Il genere umano dell’epoca della presidenza reaganiana, immerso nel benessere e convinto che si possa avere tutto; come pensa anche il Max Lord incarnato da Pedro Pascal, aggressivo affarista bramoso di petrolio e che, facilmente associabile (soprattutto nel look) ad un giovane Donald Trump, è il villain di turno delle circa due ore e mezza di visione.

Circa due ore e mezza che, se da un lato vedono anche il ritorno di Chris Pine nel ruolo della ex spia americana Steve Trevor, dall’altro introducono il personaggio della goffa scienziata Barbara Minerva alias Kristen Wiig, la cui vita verrà del tutto cambiata dal potere di una magica pietra.

Perché è proprio quest’ultimo oggetto del desiderio a portare scompiglio in Wonder Woman 1984, la cui sequenza maggiormente emozionante si rivela, senza alcun dubbio, quella della battaglia nella periferia del Cairo, orchestrata tra veicoli che si ribaltano, bambini in pericolo e l’agile donna armata di letale Lazo di Hestia impegnata in acrobazie fisiche.

Sequenza riuscita grazie soprattutto al lodevole lavoro svolto dagli stunt e che, insieme all’apparizione dell’armatura dorata in uno degli scontri e ad una simpatica sorpresa posta durante i titoli di coda del film, rappresenta l’unico reale motivo di interesse di una continuazione decisamente meno convincente rispetto al capostipite, firmato dalla stessa Patty Jenkins posta qui al timone di regia.

Del resto, non solo la sceneggiatura abbonda in dialoghi degni di un cartone animato rivolto agli spettatori più piccoli, ma, in generale, lo svolgimento non fatica a risultare piuttosto fiacco e poco coinvolgente, conferendo tranquillamente l’impressione che lo spettacolo sia tirato un po’ troppo per le lunghe.

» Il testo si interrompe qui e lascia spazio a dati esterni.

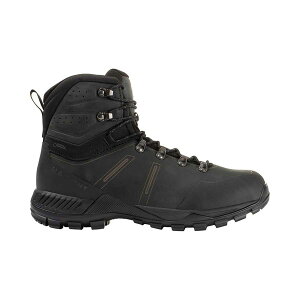 }[L[ cA[ II HIGH GTX Men 3030-03450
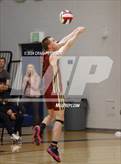 Photo from the gallery "Logan @ Ridgeline"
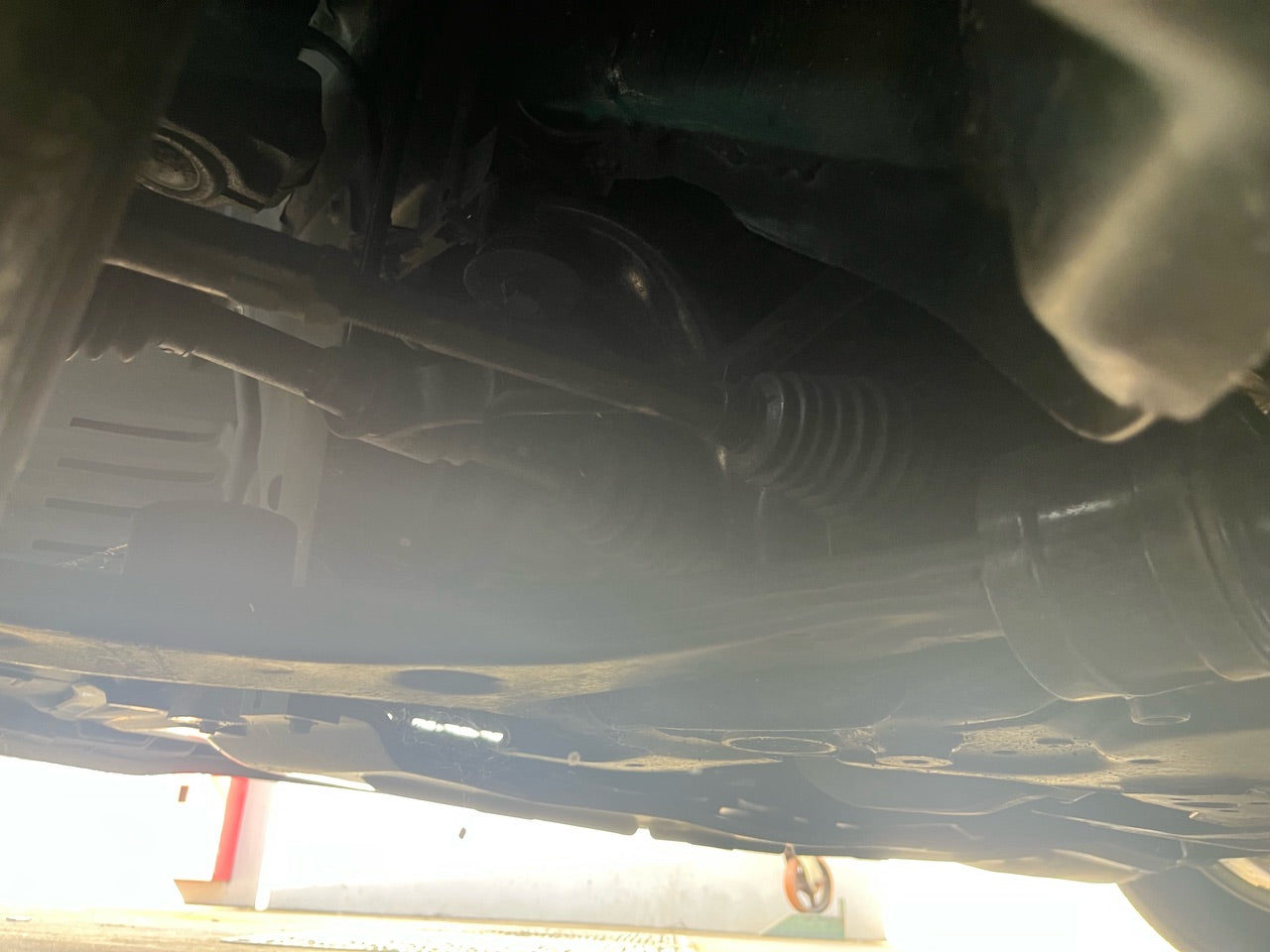 [CHOOSE PARTS] MAZDA AXELA BK5P 2005 ZY-VE FF MT 2WD #0451000000507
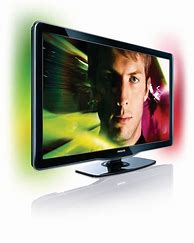 Image result for LCD LED TV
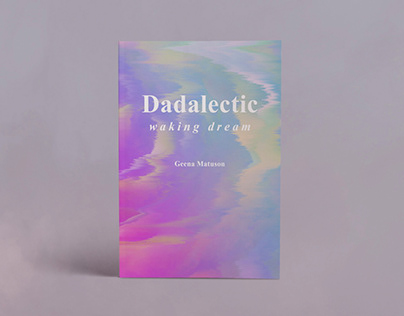 Dadalectic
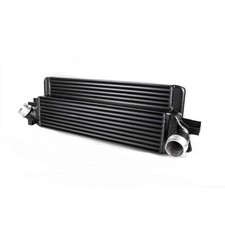 Intercooler maggiorato forge - intercooler,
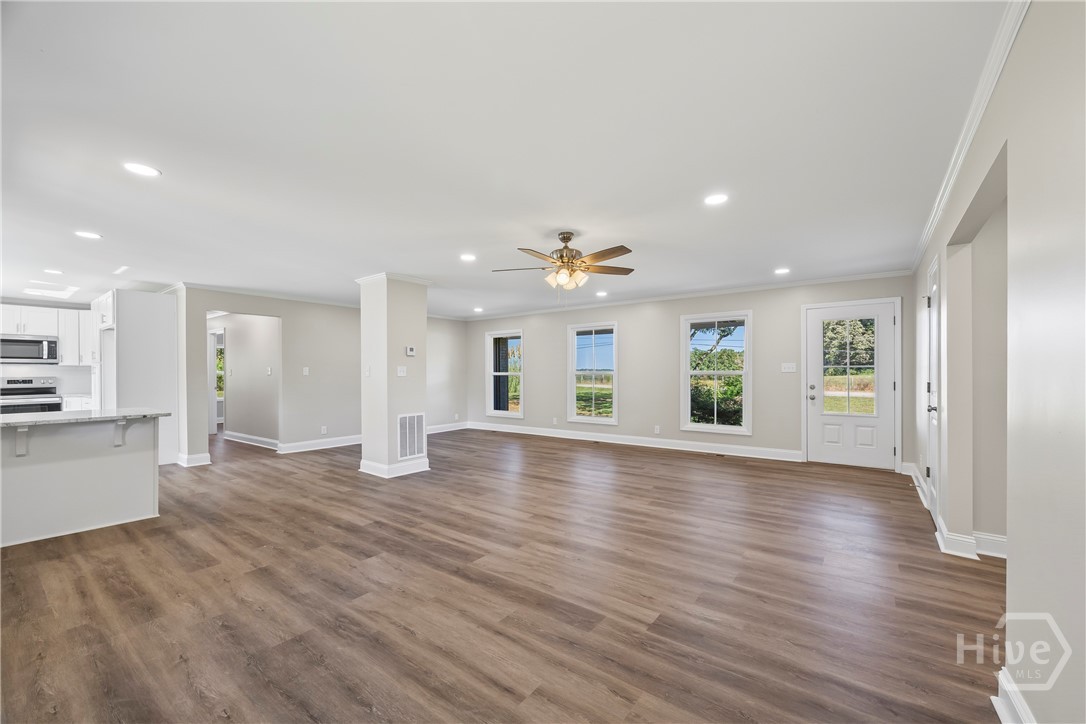 2789 H D Atha Road Covington, GA 30014 - Photo 4 of 48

Aggiungiamo poi che l’aria del decennio della musica pop – di cui il lungometraggio attacca chiaramente il dilagante pensiero capitalista – non si respira affatto e che, se Wonder Woman aveva manifestato il pregio di distaccarsi da tanto schizofrenici quanto insostenibili look proto-videoclip di molti cinecomic d’inizio terzo millennio rispecchiando gli stilemi narrativi ed estetici di una Settima arte risalente a molto tempo fa, Wonder Woman 1984 non sfoggia altro che i connotati di una stanca e piuttosto fredda seconda puntata mirata a far scontrare banalmente amore e potere nel ribadire che l’importante è la verità, in quanto dalle bugie non nasce niente di buono.

Senza dimenticare neppure l’immancabile (e forzata) situazione da movimento Me Too con molestatore di turno… fino ad un epilogo trasudante oltretutto patetico buonismo, tipico del sempre più imperante politically correct della Hollywood del XXI secolo.